Look below for the line that has "Image of Kokiri". Set down the lines from there through the line that has "- 6 Xe buýt", exactly as written.

════════════════════

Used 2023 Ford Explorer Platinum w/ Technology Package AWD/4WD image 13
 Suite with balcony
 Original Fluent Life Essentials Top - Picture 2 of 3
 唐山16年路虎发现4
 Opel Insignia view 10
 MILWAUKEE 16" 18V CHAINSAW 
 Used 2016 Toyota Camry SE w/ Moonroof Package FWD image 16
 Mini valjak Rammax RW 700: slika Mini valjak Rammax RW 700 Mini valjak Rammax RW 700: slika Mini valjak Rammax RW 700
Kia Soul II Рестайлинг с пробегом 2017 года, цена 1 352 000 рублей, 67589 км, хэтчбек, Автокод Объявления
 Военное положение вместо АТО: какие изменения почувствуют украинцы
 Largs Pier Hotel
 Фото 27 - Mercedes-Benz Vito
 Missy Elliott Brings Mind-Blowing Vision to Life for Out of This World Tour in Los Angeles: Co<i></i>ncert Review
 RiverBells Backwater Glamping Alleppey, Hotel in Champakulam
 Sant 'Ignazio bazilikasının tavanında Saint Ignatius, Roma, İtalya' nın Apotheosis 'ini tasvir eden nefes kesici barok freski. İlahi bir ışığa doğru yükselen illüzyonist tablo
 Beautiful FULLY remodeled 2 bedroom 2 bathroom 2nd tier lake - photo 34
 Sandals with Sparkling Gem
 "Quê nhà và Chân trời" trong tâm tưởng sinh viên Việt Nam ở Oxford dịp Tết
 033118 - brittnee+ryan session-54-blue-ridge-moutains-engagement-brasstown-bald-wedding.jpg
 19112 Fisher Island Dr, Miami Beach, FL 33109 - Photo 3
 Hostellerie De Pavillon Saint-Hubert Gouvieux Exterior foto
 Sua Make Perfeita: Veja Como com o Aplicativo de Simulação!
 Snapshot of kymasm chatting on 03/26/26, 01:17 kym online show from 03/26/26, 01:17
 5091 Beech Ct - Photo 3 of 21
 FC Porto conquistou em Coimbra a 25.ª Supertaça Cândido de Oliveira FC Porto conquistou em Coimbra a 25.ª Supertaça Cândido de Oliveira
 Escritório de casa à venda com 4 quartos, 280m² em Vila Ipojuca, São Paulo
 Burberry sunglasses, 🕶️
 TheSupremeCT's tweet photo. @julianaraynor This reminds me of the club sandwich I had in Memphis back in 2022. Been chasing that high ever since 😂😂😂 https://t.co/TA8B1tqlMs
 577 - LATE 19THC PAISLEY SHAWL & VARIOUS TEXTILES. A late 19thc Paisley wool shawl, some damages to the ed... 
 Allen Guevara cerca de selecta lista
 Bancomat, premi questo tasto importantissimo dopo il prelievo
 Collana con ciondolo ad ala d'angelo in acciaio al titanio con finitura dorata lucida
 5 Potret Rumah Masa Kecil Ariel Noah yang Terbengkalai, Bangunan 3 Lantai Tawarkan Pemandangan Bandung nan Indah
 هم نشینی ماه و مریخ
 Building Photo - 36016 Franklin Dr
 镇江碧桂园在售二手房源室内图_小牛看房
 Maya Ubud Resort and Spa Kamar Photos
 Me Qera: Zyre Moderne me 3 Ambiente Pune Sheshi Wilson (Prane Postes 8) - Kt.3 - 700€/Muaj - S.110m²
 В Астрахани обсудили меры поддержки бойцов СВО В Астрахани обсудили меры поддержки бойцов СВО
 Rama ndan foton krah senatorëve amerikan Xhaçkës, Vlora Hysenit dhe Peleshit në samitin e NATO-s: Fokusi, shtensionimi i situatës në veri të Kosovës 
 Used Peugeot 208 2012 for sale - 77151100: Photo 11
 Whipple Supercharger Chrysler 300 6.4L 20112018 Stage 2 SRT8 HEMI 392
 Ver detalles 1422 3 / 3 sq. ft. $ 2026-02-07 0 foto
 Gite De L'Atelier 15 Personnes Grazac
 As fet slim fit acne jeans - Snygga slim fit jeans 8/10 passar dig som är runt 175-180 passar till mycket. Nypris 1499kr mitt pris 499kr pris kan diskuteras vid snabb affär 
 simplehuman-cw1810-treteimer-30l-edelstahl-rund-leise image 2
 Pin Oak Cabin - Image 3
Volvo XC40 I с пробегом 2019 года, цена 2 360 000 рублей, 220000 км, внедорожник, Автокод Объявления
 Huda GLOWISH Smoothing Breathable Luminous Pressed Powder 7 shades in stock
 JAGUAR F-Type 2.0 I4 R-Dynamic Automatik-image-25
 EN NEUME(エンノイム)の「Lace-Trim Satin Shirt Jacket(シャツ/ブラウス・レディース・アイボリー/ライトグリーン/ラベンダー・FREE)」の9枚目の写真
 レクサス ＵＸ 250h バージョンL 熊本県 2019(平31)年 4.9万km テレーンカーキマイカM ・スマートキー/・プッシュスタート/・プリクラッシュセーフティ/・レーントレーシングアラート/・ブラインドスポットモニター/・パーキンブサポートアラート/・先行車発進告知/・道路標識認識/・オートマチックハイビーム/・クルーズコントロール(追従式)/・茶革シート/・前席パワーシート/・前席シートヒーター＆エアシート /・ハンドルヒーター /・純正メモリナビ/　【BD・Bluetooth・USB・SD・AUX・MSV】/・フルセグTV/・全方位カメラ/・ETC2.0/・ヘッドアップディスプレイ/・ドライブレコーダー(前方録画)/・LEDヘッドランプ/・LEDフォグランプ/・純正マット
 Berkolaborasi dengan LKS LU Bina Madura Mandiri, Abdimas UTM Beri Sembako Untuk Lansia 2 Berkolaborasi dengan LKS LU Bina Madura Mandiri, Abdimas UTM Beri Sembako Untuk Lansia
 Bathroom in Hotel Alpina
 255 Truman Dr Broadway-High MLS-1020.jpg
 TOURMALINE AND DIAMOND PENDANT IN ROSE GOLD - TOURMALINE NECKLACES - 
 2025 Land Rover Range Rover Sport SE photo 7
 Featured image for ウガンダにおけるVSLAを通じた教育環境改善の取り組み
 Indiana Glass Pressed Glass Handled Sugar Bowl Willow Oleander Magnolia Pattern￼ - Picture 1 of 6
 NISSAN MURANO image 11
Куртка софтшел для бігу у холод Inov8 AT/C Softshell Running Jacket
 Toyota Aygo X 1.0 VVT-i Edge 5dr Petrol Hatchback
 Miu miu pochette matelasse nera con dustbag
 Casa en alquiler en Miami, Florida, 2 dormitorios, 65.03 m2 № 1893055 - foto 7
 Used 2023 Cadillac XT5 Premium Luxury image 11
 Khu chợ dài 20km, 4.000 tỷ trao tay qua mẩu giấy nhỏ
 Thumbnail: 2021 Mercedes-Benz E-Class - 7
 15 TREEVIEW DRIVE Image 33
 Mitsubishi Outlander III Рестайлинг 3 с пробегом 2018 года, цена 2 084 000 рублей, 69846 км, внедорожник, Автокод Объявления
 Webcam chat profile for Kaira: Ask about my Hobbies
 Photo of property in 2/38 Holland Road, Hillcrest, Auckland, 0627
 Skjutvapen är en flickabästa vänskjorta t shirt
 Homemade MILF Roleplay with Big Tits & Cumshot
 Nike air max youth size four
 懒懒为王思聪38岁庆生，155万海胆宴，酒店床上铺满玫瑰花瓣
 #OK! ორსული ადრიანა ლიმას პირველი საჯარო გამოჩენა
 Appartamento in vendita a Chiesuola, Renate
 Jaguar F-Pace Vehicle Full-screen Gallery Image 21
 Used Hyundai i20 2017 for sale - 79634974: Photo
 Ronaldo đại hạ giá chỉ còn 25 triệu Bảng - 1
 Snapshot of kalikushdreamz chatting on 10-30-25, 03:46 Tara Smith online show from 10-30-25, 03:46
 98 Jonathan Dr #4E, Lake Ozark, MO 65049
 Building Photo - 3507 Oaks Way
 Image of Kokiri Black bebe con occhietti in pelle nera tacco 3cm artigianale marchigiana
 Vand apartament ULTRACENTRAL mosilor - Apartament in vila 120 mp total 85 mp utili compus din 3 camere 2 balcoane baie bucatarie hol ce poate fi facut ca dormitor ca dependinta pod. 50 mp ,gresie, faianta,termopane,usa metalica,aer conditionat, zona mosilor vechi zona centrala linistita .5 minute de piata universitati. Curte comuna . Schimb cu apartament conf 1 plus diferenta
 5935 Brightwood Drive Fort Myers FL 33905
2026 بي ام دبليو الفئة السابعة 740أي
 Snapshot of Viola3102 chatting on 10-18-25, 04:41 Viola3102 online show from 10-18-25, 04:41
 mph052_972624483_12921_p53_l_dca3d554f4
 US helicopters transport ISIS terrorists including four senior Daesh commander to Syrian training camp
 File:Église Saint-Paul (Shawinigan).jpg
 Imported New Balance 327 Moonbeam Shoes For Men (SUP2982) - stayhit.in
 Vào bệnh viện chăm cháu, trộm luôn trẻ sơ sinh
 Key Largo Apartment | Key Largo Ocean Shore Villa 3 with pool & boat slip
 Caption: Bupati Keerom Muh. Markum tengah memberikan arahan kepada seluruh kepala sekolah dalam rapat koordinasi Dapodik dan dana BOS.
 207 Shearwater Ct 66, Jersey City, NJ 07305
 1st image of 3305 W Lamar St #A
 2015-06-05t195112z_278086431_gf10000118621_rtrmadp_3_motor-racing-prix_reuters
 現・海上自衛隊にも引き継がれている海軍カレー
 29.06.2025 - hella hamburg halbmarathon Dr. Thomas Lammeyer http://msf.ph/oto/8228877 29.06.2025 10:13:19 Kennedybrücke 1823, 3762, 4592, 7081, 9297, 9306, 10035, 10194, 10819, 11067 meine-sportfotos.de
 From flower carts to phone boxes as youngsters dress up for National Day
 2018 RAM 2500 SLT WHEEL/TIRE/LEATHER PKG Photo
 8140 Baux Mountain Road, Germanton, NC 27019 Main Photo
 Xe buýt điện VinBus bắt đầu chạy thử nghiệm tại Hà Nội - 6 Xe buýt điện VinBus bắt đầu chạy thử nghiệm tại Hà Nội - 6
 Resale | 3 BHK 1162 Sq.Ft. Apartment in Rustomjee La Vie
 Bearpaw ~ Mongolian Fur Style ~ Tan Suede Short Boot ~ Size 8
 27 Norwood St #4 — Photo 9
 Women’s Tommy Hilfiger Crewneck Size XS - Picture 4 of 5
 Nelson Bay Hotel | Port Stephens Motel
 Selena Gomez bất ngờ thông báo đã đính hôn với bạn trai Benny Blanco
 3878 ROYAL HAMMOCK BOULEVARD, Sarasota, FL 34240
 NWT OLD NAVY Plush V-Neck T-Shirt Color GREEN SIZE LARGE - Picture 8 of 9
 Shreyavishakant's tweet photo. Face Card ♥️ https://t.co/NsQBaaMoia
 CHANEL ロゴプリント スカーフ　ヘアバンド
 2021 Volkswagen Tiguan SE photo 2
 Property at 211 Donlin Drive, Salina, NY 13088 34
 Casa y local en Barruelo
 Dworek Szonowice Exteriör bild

════════════════════

# Solution
 Image of Kokiri Black bebe con occhietti in pelle nera tacco 3cm artigianale marchigiana
 Vand apartament ULTRACENTRAL mosilor - Apartament in vila 120 mp total 85 mp utili compus din 3 camere 2 balcoane baie bucatarie hol ce poate fi facut ca dormitor ca dependinta pod. 50 mp ,gresie, faianta,termopane,usa metalica,aer conditionat, zona mosilor vechi zona centrala linistita .5 minute de piata universitati. Curte comuna . Schimb cu apartament conf 1 plus diferenta
 5935 Brightwood Drive Fort Myers FL 33905
2026 بي ام دبليو الفئة السابعة 740أي
 Snapshot of Viola3102 chatting on 10-18-25, 04:41 Viola3102 online show from 10-18-25, 04:41
 mph052_972624483_12921_p53_l_dca3d554f4
 US helicopters transport ISIS terrorists including four senior Daesh commander to Syrian training camp
 File:Église Saint-Paul (Shawinigan).jpg
 Imported New Balance 327 Moonbeam Shoes For Men (SUP2982) - stayhit.in
 Vào bệnh viện chăm cháu, trộm luôn trẻ sơ sinh
 Key Largo Apartment | Key Largo Ocean Shore Villa 3 with pool & boat slip
 Caption: Bupati Keerom Muh. Markum tengah memberikan arahan kepada seluruh kepala sekolah dalam rapat koordinasi Dapodik dan dana BOS.
 207 Shearwater Ct 66, Jersey City, NJ 07305
 1st image of 3305 W Lamar St #A
 2015-06-05t195112z_278086431_gf10000118621_rtrmadp_3_motor-racing-prix_reuters
 現・海上自衛隊にも引き継がれている海軍カレー
 29.06.2025 - hella hamburg halbmarathon Dr. Thomas Lammeyer http://msf.ph/oto/8228877 29.06.2025 10:13:19 Kennedybrücke 1823, 3762, 4592, 7081, 9297, 9306, 10035, 10194, 10819, 11067 meine-sportfotos.de
 From flower carts to phone boxes as youngsters dress up for National Day
 2018 RAM 2500 SLT WHEEL/TIRE/LEATHER PKG Photo
 8140 Baux Mountain Road, Germanton, NC 27019 Main Photo
 Xe buýt điện VinBus bắt đầu chạy thử nghiệm tại Hà Nội - 6 Xe buýt điện VinBus bắt đầu chạy thử nghiệm tại Hà Nội - 6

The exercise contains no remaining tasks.